EXERCISE PROMPT ::
In the entries below, begin at the line that has "SodaStream .5L Slim" and stop after the line that has "Custom Mexico Aztec"; output those lines exactly, leaving out pictures.

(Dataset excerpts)
* * *

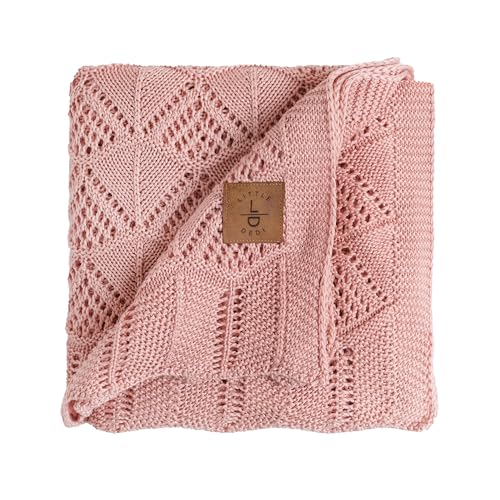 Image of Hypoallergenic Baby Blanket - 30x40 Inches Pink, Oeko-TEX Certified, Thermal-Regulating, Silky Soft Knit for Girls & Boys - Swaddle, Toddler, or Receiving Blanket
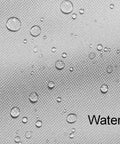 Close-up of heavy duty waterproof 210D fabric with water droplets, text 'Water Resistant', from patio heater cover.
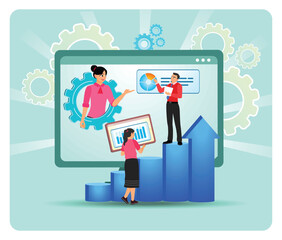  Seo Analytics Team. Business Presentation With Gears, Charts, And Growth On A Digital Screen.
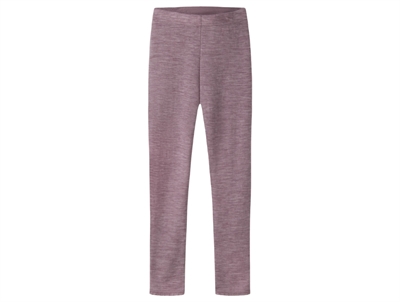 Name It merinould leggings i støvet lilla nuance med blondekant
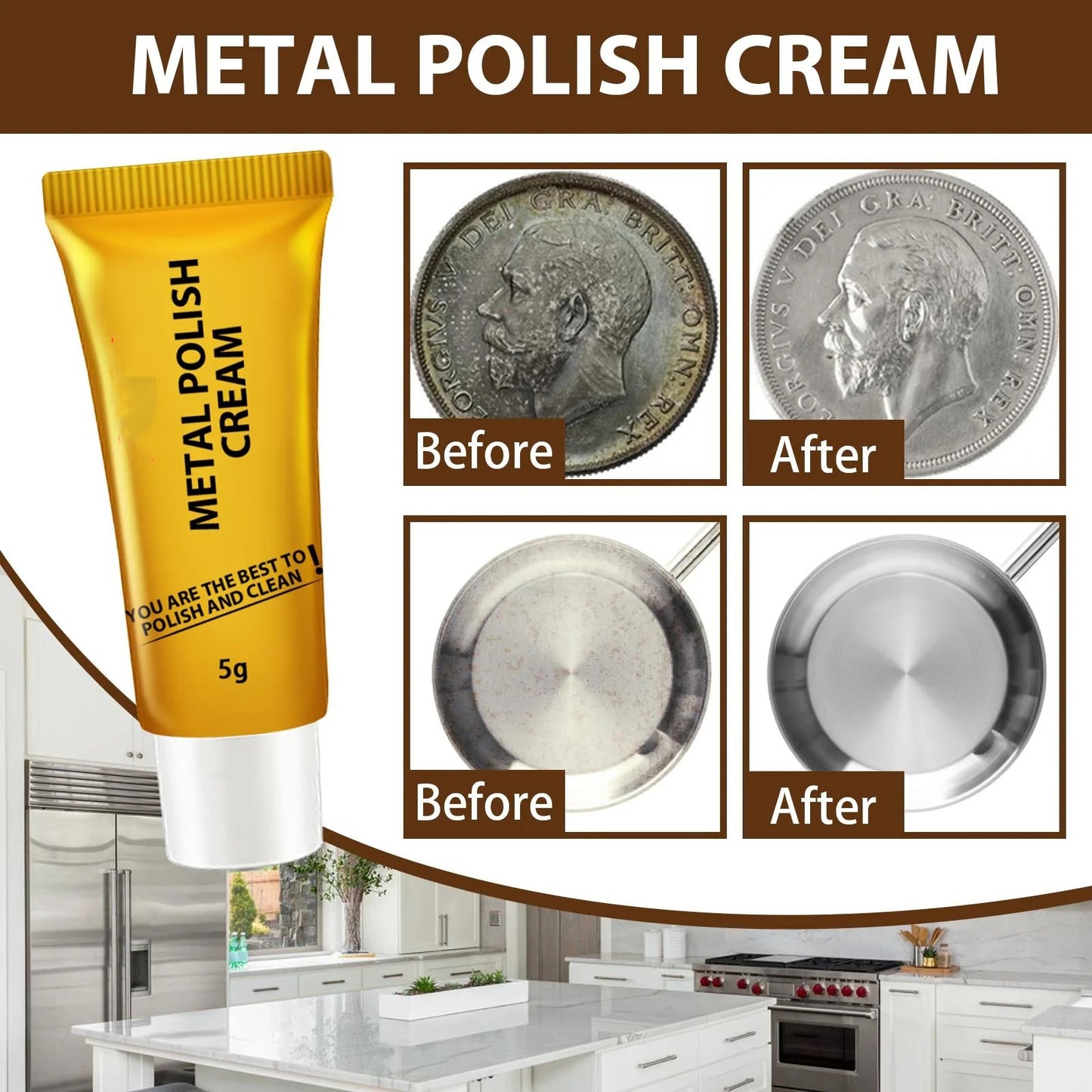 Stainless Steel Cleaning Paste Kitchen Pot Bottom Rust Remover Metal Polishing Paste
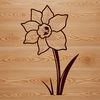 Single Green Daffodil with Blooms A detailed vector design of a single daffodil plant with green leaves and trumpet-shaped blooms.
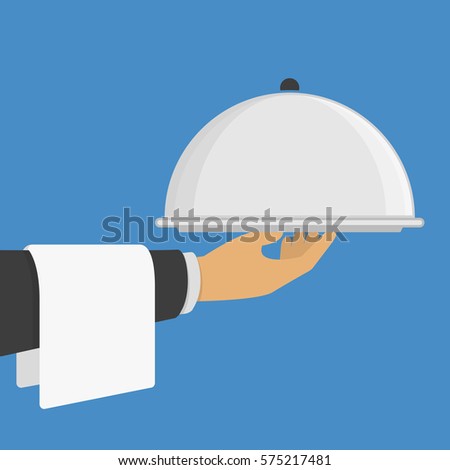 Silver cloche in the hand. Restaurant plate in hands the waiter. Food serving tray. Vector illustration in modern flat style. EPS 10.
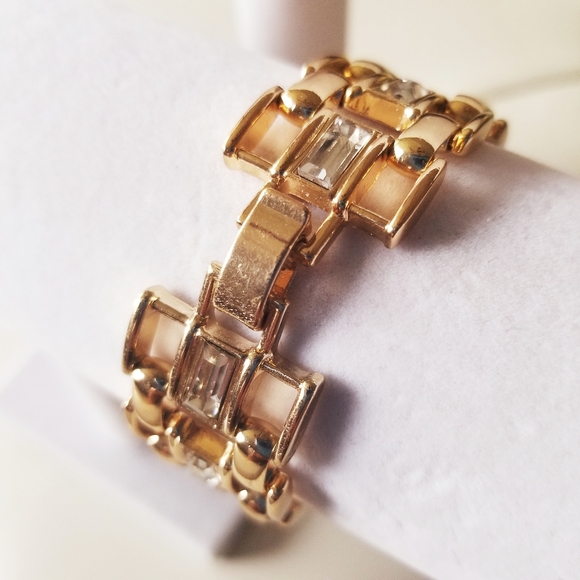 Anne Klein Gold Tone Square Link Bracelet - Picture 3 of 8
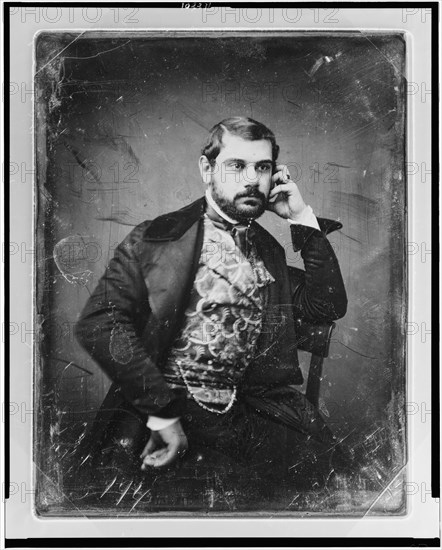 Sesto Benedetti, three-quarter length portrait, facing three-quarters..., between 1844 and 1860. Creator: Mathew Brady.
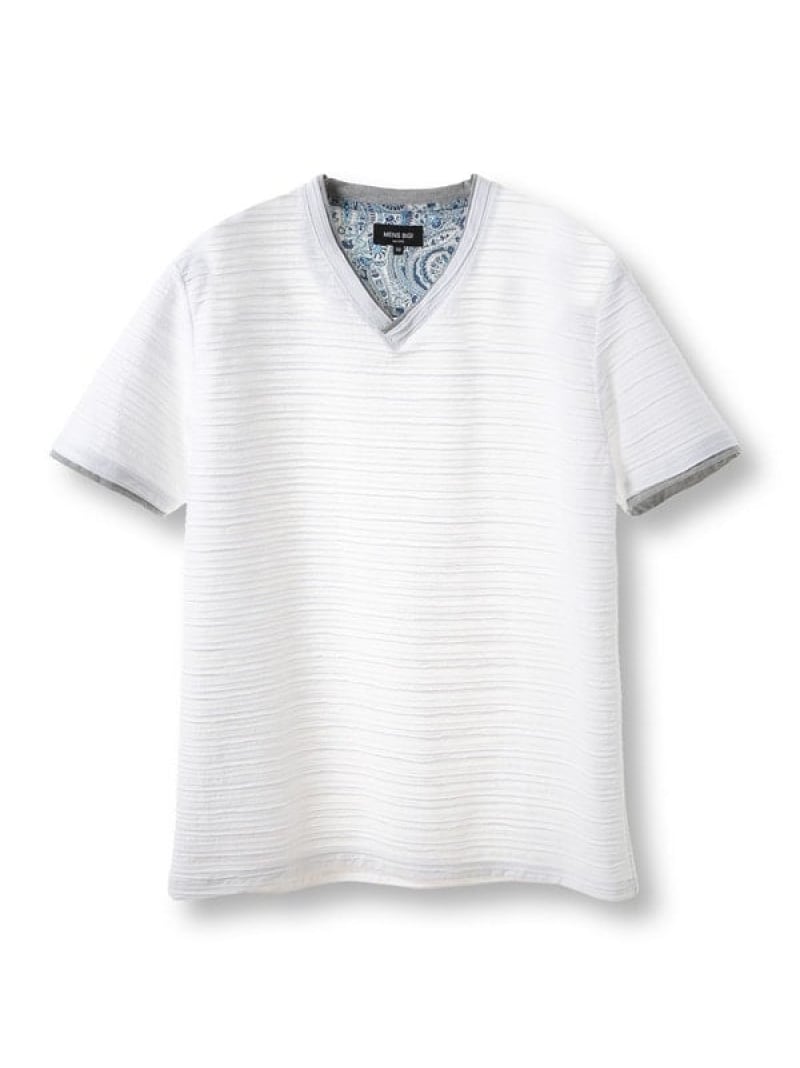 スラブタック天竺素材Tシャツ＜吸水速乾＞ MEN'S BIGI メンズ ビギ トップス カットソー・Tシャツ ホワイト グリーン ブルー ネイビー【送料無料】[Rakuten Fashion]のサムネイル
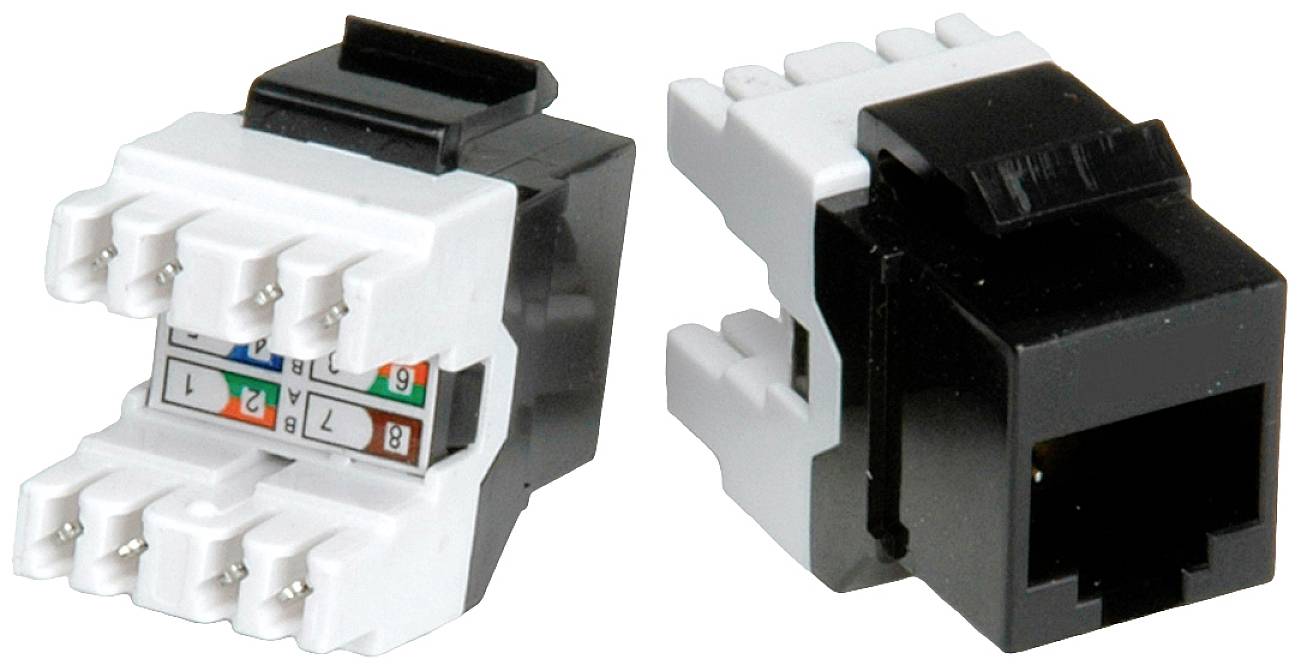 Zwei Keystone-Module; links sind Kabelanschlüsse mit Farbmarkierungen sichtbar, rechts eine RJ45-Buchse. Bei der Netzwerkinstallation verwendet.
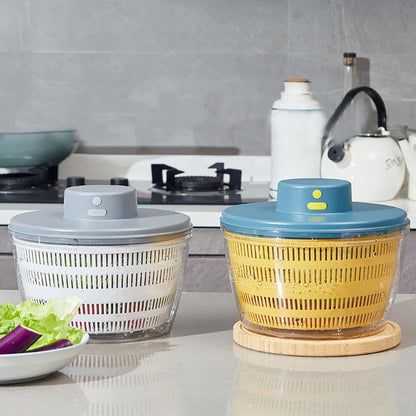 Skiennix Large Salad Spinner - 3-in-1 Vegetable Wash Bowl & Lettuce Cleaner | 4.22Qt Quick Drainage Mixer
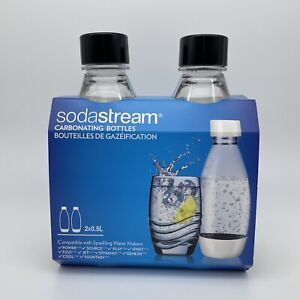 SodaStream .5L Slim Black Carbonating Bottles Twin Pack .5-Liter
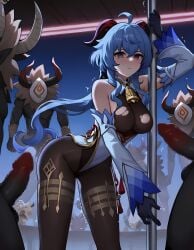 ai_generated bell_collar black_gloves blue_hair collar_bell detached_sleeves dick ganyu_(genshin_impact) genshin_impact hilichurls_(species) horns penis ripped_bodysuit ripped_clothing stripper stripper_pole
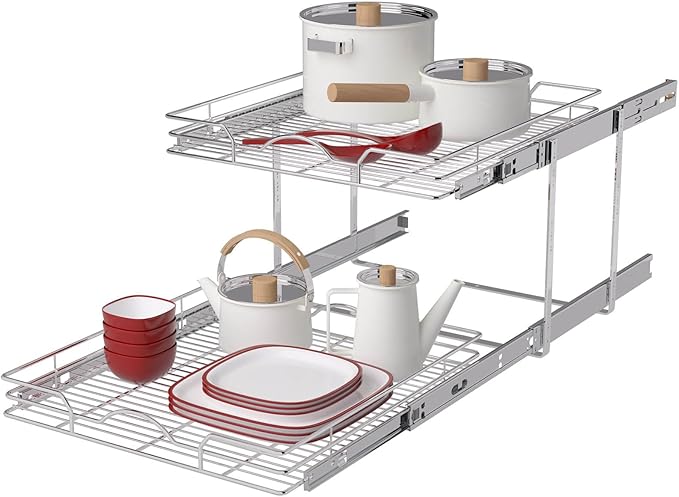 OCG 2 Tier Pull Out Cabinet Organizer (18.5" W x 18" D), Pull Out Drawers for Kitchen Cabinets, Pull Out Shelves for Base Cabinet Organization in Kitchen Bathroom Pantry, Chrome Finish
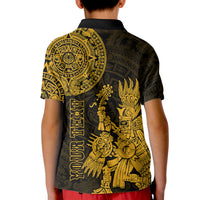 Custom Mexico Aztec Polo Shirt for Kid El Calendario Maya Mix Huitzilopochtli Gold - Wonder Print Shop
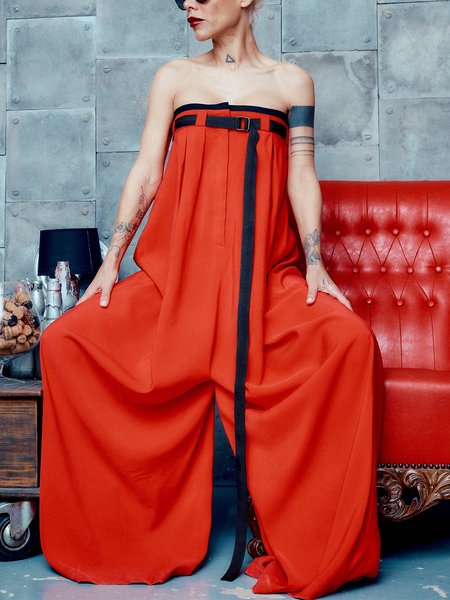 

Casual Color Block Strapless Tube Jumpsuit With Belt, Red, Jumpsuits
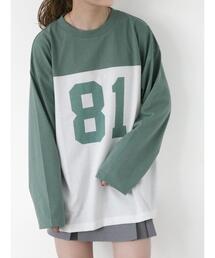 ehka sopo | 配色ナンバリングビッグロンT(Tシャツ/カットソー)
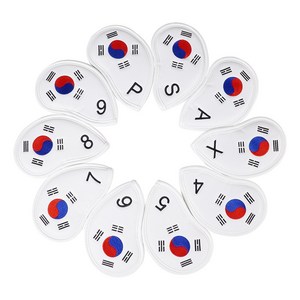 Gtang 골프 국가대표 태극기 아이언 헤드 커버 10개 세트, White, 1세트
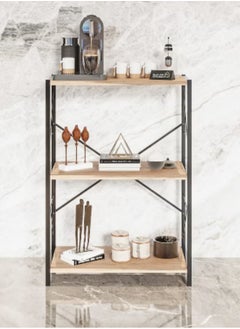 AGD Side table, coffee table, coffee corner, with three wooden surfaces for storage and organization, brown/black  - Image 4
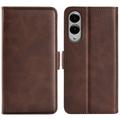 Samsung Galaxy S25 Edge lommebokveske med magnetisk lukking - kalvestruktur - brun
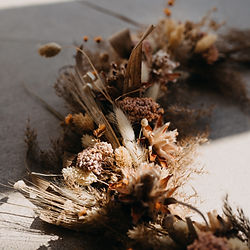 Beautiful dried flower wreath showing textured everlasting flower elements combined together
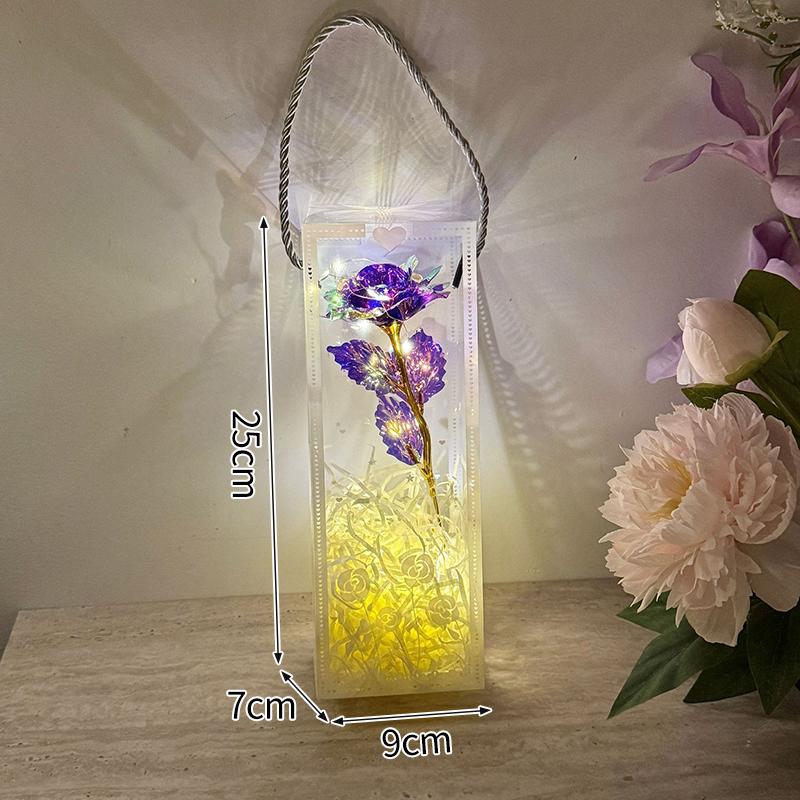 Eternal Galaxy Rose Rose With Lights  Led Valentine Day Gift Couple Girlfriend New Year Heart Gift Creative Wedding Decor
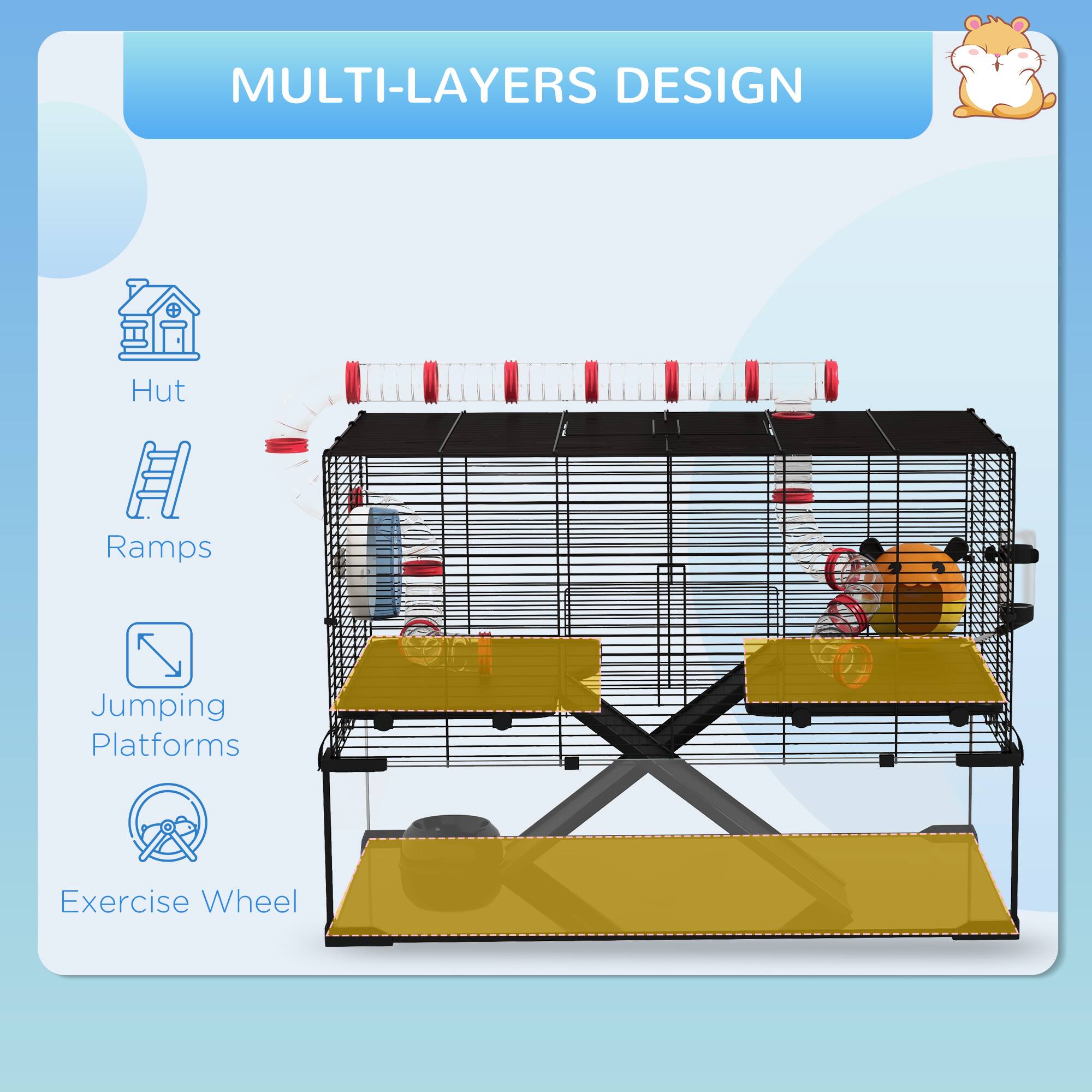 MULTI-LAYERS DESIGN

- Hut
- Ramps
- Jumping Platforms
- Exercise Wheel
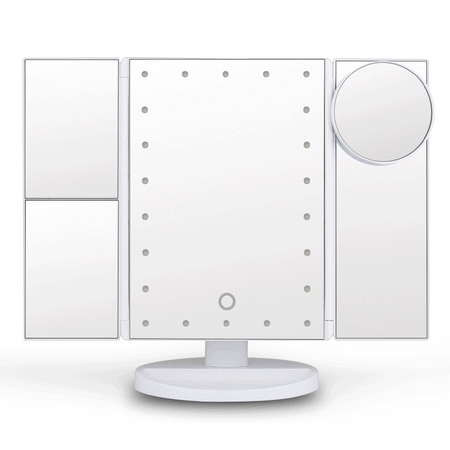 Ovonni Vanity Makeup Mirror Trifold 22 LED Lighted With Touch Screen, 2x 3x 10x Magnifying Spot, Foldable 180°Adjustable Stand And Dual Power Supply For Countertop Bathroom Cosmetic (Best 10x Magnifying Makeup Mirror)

* * *

WRITTEN SOLUTION ::
 SodaStream .5L Slim Black Carbonating Bottles Twin Pack .5-Liter
 ai_generated bell_collar black_gloves blue_hair collar_bell detached_sleeves dick ganyu_(genshin_impact) genshin_impact hilichurls_(species) horns penis ripped_bodysuit ripped_clothing stripper stripper_pole
 OCG 2 Tier Pull Out Cabinet Organizer (18.5" W x 18" D), Pull Out Drawers for Kitchen Cabinets, Pull Out Shelves for Base Cabinet Organization in Kitchen Bathroom Pantry, Chrome Finish
 Custom Mexico Aztec Polo Shirt for Kid El Calendario Maya Mix Huitzilopochtli Gold - Wonder Print Shop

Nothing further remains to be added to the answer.